Repeat the data exactly as given below, dropping every picture.

Source records Start Marker

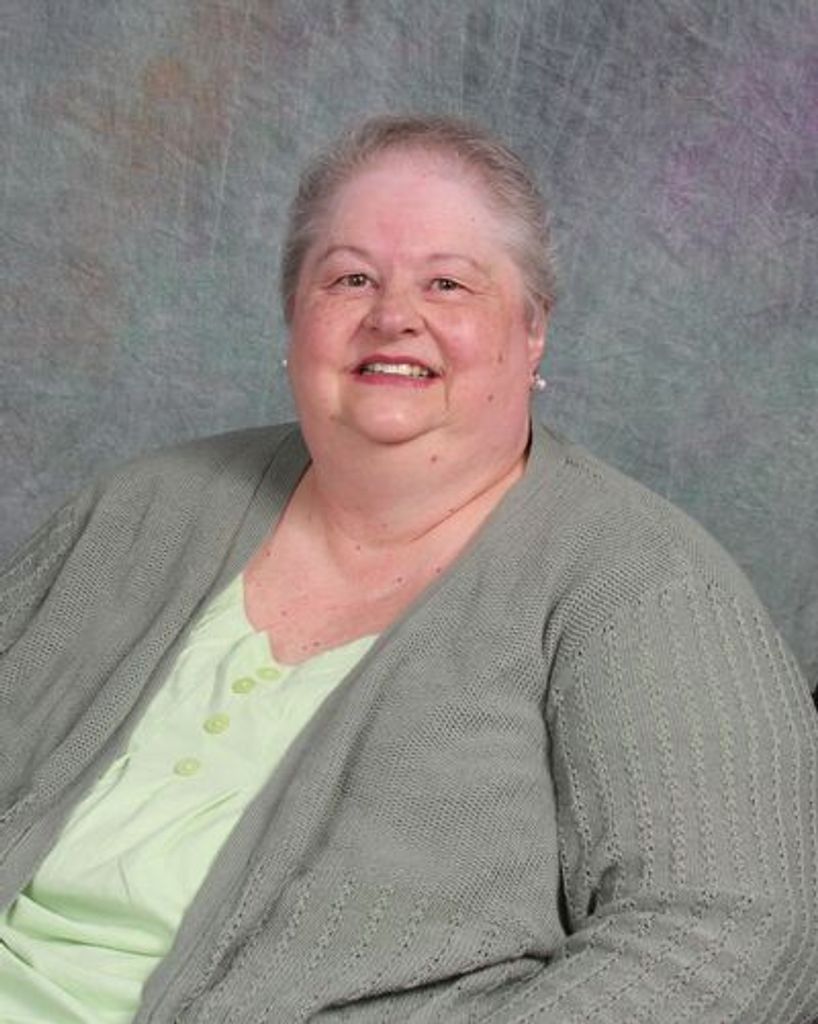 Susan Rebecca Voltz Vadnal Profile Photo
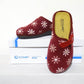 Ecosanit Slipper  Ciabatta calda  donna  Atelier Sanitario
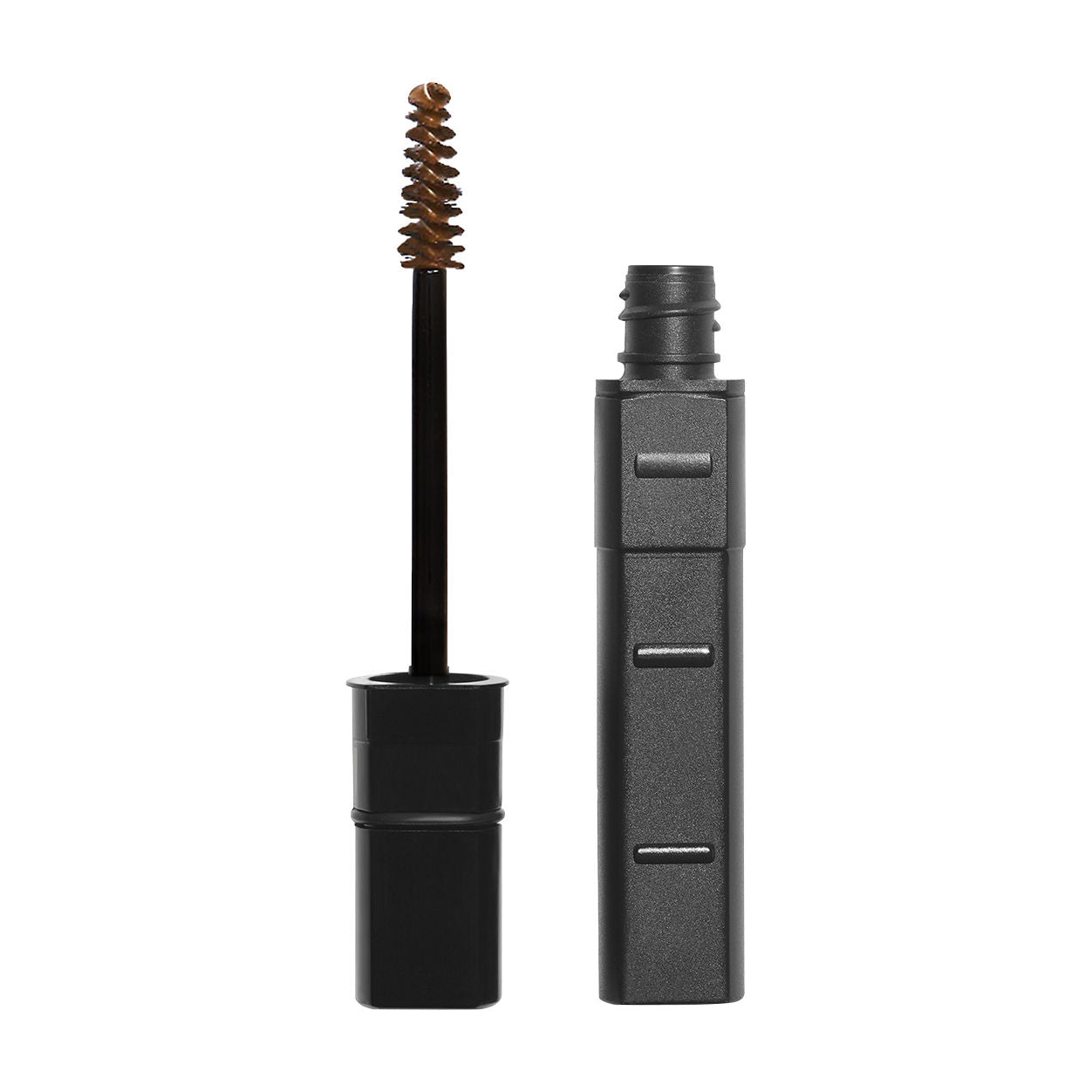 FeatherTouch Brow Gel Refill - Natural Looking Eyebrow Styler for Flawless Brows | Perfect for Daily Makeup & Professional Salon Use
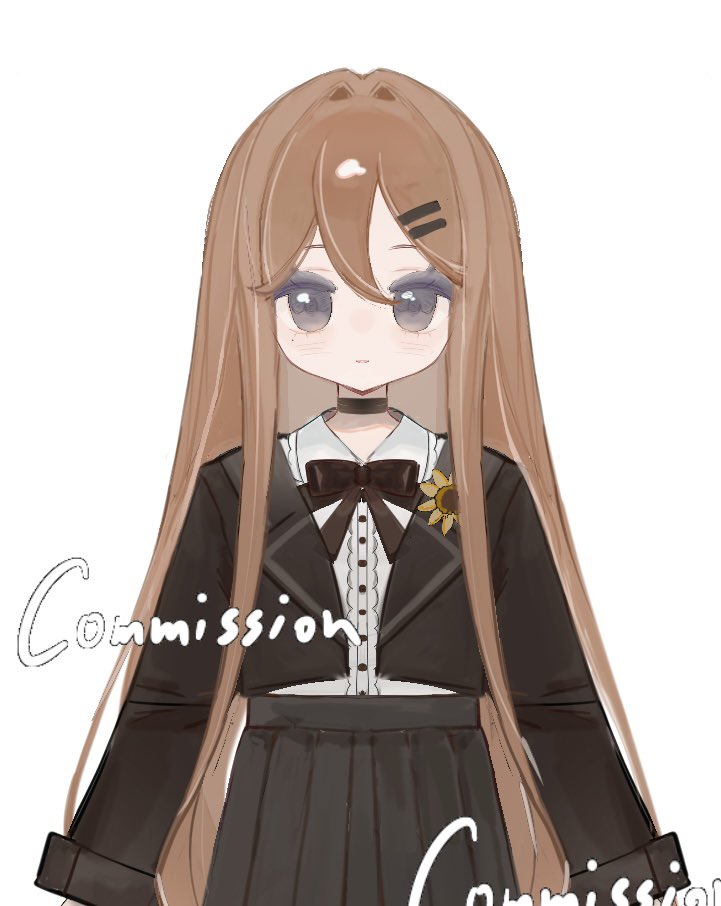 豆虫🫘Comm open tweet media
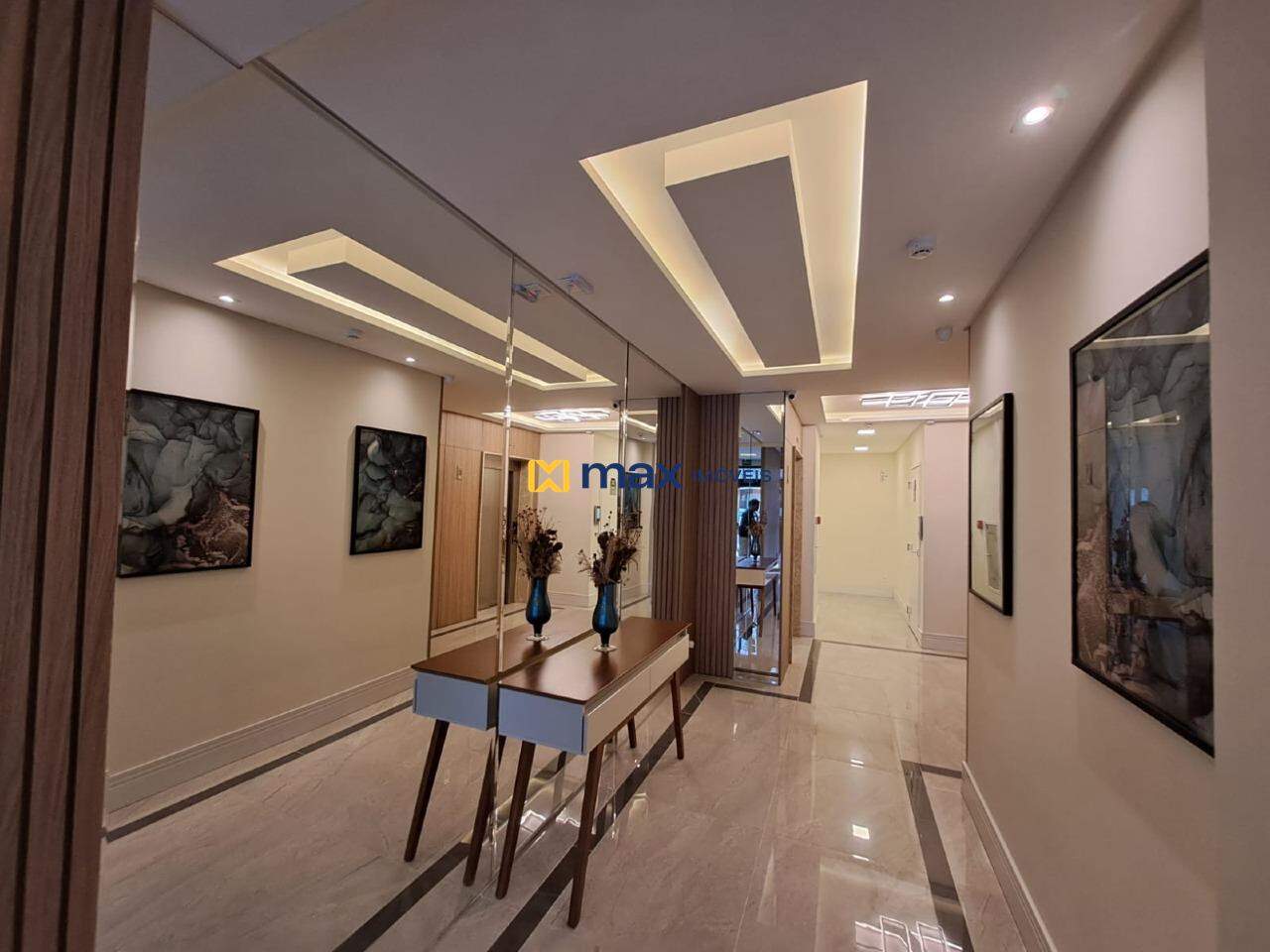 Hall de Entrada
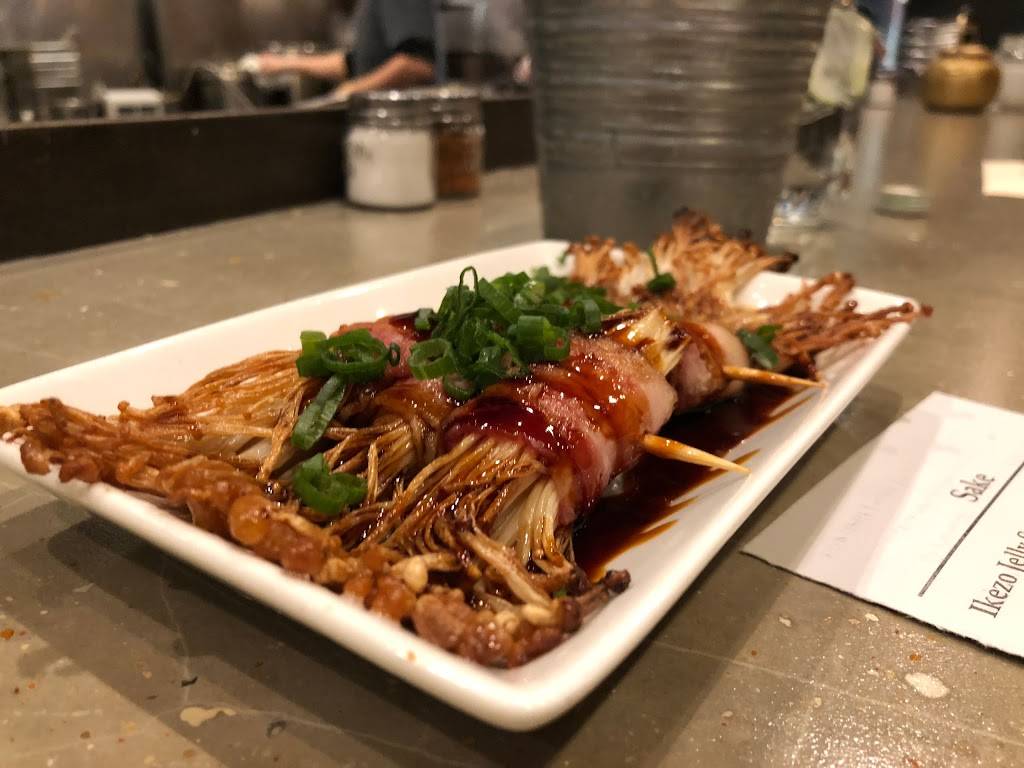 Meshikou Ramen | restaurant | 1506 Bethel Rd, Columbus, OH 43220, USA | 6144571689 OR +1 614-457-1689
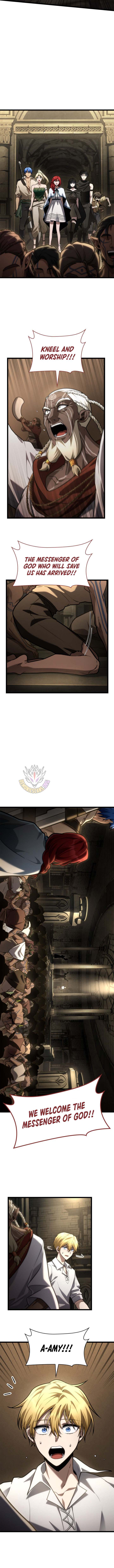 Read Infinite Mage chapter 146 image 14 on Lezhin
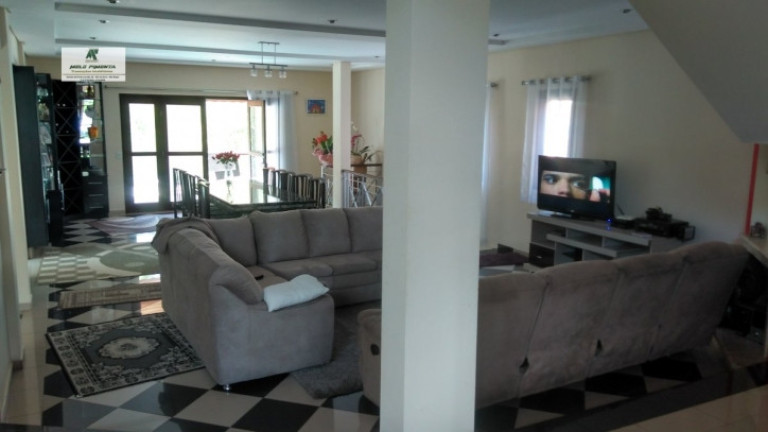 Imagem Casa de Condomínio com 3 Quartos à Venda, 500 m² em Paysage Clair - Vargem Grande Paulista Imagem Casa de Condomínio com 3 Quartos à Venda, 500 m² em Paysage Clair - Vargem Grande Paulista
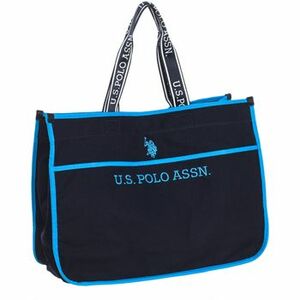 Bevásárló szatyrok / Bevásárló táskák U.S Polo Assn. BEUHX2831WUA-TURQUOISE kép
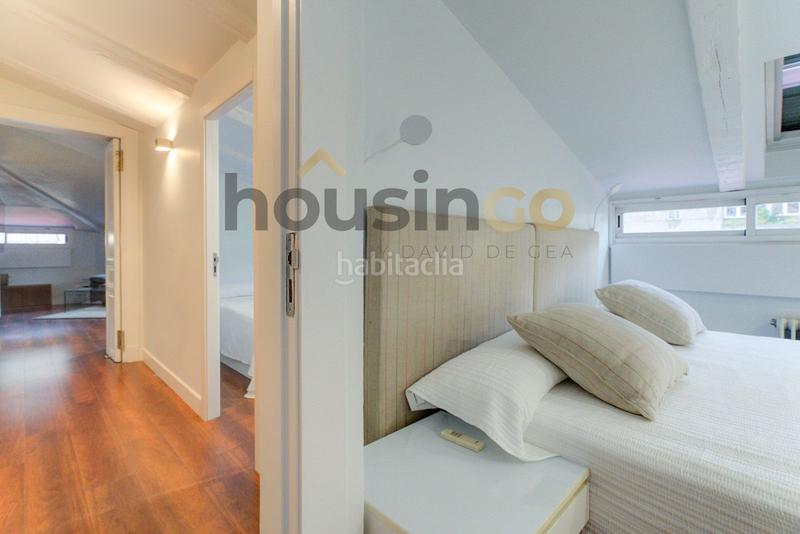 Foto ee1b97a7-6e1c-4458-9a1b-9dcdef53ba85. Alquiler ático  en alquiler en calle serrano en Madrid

Source records End Marker

Answer to the problem:
 Susan Rebecca Voltz Vadnal Profile Photo
 Ecosanit Slipper  Ciabatta calda  donna  Atelier Sanitario
 FeatherTouch Brow Gel Refill - Natural Looking Eyebrow Styler for Flawless Brows | Perfect for Daily Makeup & Professional Salon Use
 豆虫🫘Comm open tweet media
 Hall de Entrada
 Meshikou Ramen | restaurant | 1506 Bethel Rd, Columbus, OH 43220, USA | 6144571689 OR +1 614-457-1689
 Read Infinite Mage chapter 146 image 14 on Lezhin
 Imagem Casa de Condomínio com 3 Quartos à Venda, 500 m² em Paysage Clair - Vargem Grande Paulista Imagem Casa de Condomínio com 3 Quartos à Venda, 500 m² em Paysage Clair - Vargem Grande Paulista
 Bevásárló szatyrok / Bevásárló táskák U.S Polo Assn. BEUHX2831WUA-TURQUOISE kép
 Foto ee1b97a7-6e1c-4458-9a1b-9dcdef53ba85. Alquiler ático  en alquiler en calle serrano en Madrid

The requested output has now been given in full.